▸ **Prompt**: Transcribe the entries below exactly, starting with the line that has "For rent 2 bedrooms" and stopping after the line that has "243 Duncan Street, Clearview, Ontario"; no pictures belong in the copy.

▸ **Listed entries**:
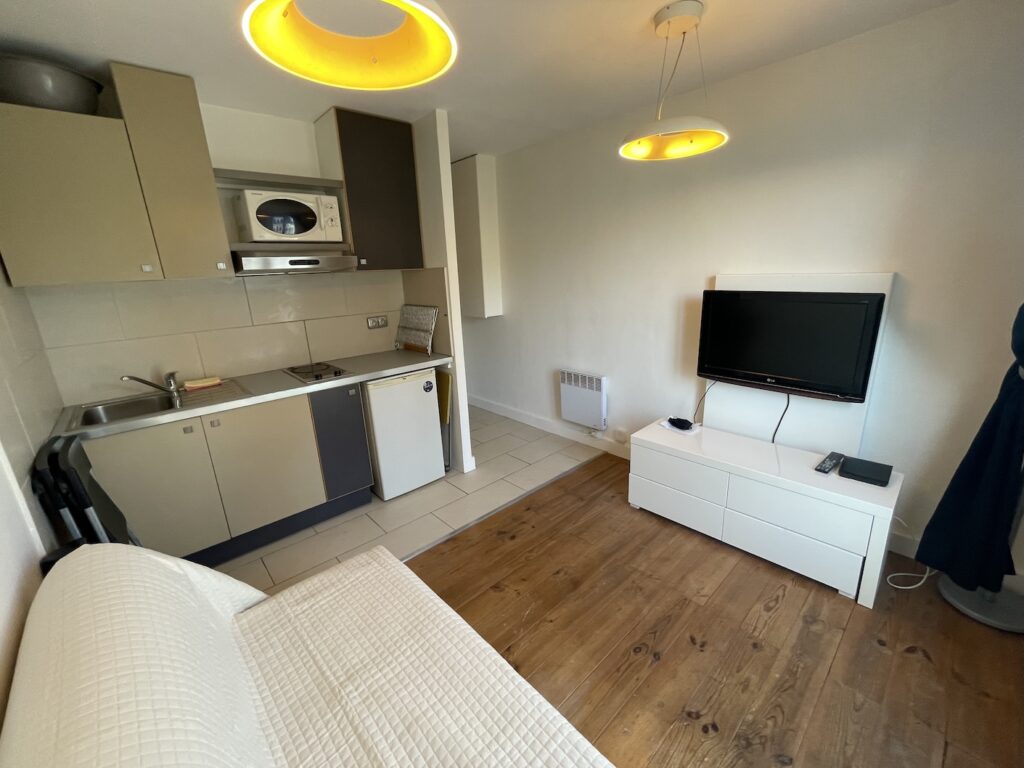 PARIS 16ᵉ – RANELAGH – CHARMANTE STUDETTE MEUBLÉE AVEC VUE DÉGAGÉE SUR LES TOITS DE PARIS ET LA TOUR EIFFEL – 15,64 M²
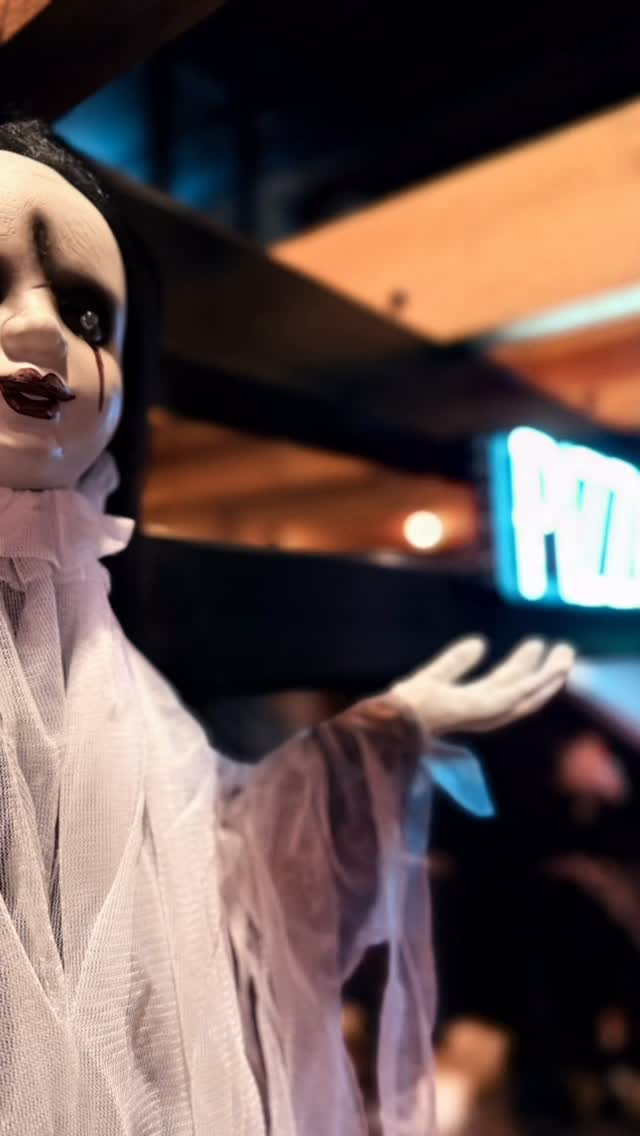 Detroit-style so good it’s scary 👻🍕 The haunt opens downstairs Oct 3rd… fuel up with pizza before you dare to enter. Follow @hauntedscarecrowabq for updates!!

* * *

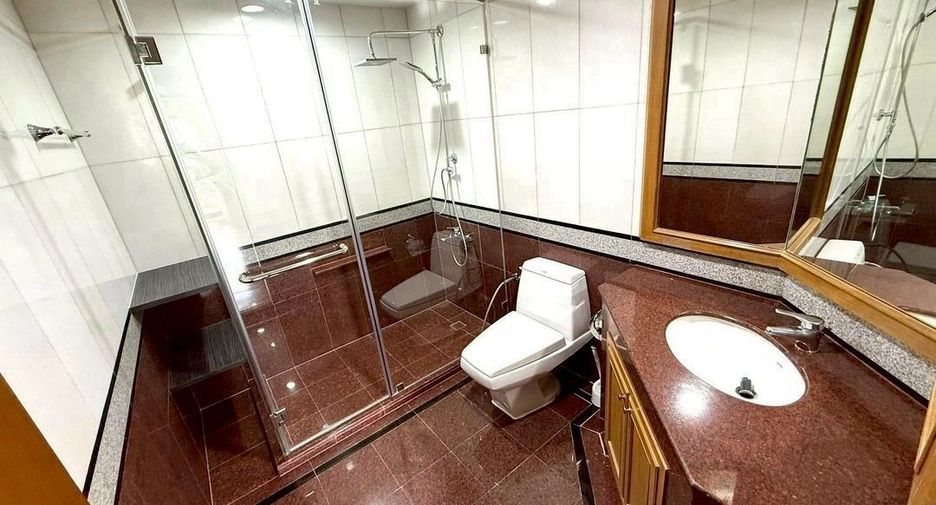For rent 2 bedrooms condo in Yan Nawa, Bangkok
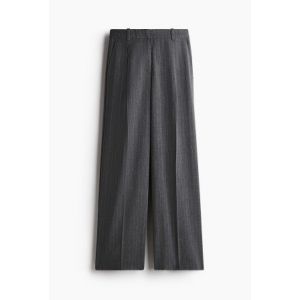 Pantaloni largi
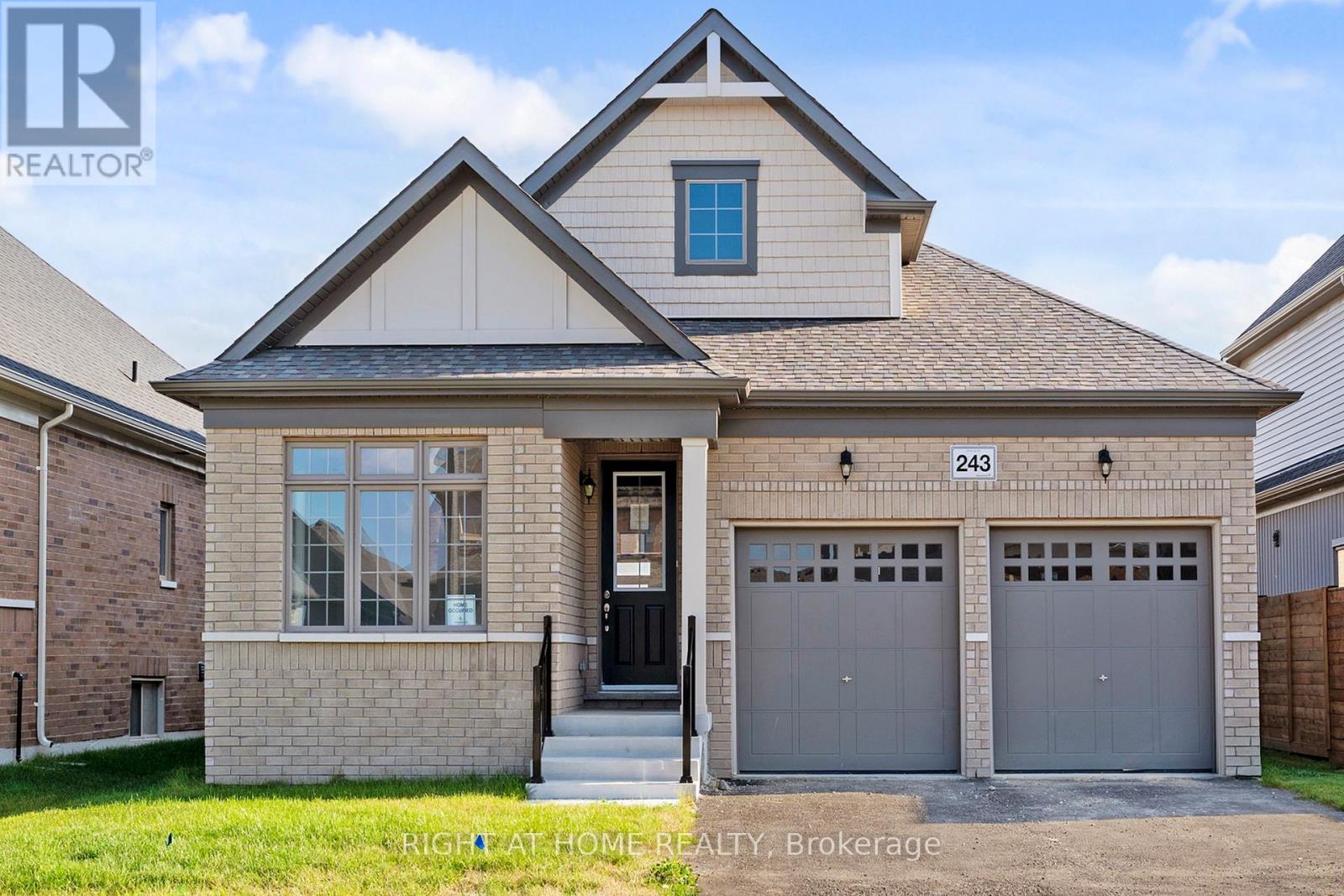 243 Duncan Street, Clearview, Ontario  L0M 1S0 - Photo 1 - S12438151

---

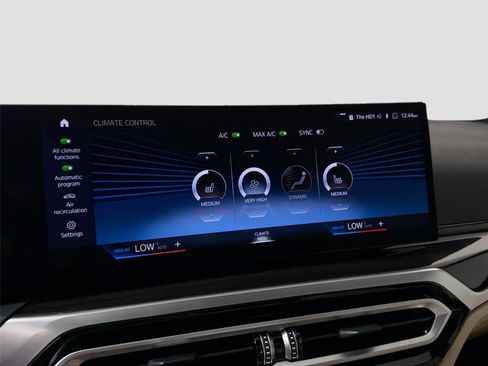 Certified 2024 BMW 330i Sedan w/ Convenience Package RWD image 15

▸ **Solution below**:
For rent 2 bedrooms condo in Yan Nawa, Bangkok
 Pantaloni largi
 243 Duncan Street, Clearview, Ontario  L0M 1S0 - Photo 1 - S12438151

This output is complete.